When I started looking for a winter break project, I was told that wifi router firmware was extremely easy to find your first “real” bug in- which turned out to be excellent advice. Not knowing anything about picking a target, I looked at the model number on the back of my router, and found a firmware dump. Checking it out with binwalk, there was a bunch of licensing and certificate data, along with a squashfs filesystem.
The SDB daemon
From what I found, the SDB daemon, contained in the /bin/sdb, /bin/sdb_helper, and /lib/libsdb.so binaries, is the central piece of software on the system. Although it’s not really relevant to the rest of this writeup, I’m going over it in case other people end up working with it (and because I wasted a lot of time reversing it). It handles logging, manages a database, handles commands sent from the web portal, and does what looks like a good portion of the initialization stuff after boot. It creates a linux socket at /var/tmp/sdb.server and listens for requests using its own custom protocol. Either emulating or writing a stub for it is basically mandatory if you plan to emulate something from the firmware dump, since even if a binary doesn’t rely on its database or commands, it will likely still use it for logging and refuse to run if it can’t connect to the socket.
The webpages
The webpages are served via cgi-bin using lighttpd, with a custom binary called /bin/webasp generating the HTML from some weird templated Lua. Confusingly, there’s actually code for three separate web interfaces in the /www directory, although /www/att is the only one served by default.

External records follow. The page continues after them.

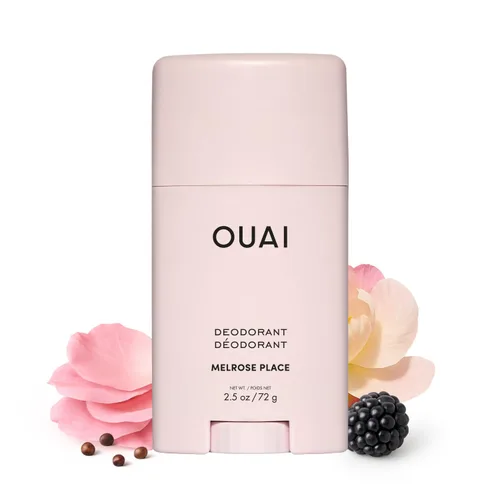 OUAI Desodorante sin aluminio - Desodorante para mujeres con control de olor de 24 horas y aplicación invisible - Enriquecido con notas de rosa,
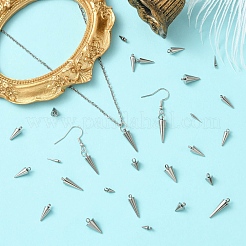 80pcs8スタイルのステンレス鋼のペンダント  スパイク/コーン  ステンレス鋼色  7.5~18x2~7mm  穴：1.2~2mm  10個/スタイル&nbsp;STAS-CJ0002-85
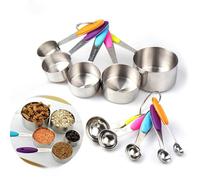 10Pcs Stainless Steel Measuring Cups & Spoons Tea Spoon Set Kitchen Tool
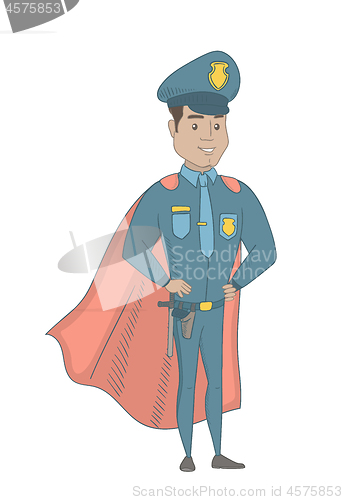 Image of Hispanic policeman wearing a red superhero cloak.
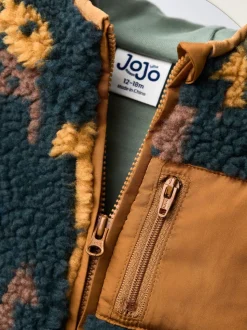 Veste JoJo Maman Bébé à damier en Borg à capuche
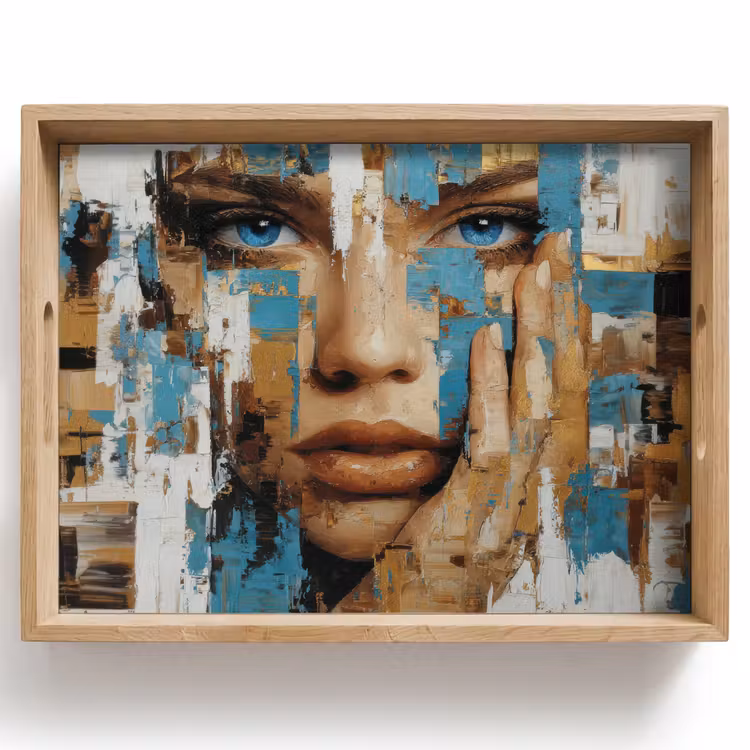 Tray - Abstract - Brush strokes - Blue - Face — 1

Inside of /www/wificert, one of the 2 web portals not enabled by default, however, there’s something very interesting.
if ENV.REQUEST_METHOD == "POST" then if FORM.Cancel ~= nil then if FORM.uploadfile ~= nil and FORM.uploadfile ~= "" then os.execute("rm -f "..FORM.uploadfile)Even though I couldn’t use it for my initial access, this is your run-of-the-mill command injection, and it seemed like it could be an easy way to set up persistence, although sadly it never ended up coming into play. (I think I can still count this as “found a command injection bug” though?)
UART and the BIOS
The BGW210 has some pins on the board which allow for direct access over a serial cable. So, after ordering a guinea pig BGW210 and a UART to USB adapter, I was able to solder the right pins and only burnt myself once. this writeup explains the disassembly pretty thoroughly, although the exploit it describes is no longer functioning, and you can’t downgrade anymore either.
^ my abysmal soldering job :/
My final setup was a cheap UART to USB adapter from temu connected to PuTTY (baud rate is 115200, and flow control needs to be set to None), and the USB drive mentioned in the writeup is unnecessary. After plugging in the power to the router, plugging in the UART adapter to my PC, and opening a serial connection, I was able to see the console output of the router booting.
Finding the password
Spoiler alert- this section’s gonna be short.
After extracting the UBoot image from the .bin file, I opened up Ghidra, and while I was waiting for it to start, I tried strings uboot.bin | grep password. Maybe that’ll give us some function names or error strings or…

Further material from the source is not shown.